═══ Dataset excerpts ═══

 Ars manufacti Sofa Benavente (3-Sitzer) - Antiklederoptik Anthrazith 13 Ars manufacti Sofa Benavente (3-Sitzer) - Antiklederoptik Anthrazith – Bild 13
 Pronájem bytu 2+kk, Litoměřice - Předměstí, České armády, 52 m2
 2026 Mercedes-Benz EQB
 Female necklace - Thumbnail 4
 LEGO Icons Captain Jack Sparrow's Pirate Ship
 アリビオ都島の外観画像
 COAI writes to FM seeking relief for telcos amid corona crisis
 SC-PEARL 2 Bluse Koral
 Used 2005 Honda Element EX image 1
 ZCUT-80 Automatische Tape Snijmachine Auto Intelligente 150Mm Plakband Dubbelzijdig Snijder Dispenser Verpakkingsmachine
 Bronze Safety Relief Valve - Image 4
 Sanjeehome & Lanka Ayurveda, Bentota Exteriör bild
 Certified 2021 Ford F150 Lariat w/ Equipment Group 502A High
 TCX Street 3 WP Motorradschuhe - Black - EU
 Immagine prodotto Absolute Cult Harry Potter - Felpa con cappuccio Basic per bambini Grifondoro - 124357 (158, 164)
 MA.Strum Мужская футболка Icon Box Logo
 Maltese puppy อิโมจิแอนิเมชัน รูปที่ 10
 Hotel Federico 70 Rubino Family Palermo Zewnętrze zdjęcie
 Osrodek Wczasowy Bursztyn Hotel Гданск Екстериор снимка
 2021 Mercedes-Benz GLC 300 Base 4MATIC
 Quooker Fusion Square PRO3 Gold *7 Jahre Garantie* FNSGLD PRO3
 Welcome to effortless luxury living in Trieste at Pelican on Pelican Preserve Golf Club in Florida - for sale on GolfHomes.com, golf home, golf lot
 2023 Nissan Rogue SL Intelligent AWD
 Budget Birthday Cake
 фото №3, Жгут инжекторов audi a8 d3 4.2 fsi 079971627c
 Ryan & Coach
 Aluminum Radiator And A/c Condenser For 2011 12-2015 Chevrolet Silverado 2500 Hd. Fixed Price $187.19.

═══

## Task prompt
Only the lines from the one containing "Ryan & Coach" through the last line of the material should be returned, each one exactly as written.

## Reply to the exercise
 Ryan & Coach
 Aluminum Radiator And A/c Condenser For 2011 12-2015 Chevrolet Silverado 2500 Hd. Fixed Price $187.19.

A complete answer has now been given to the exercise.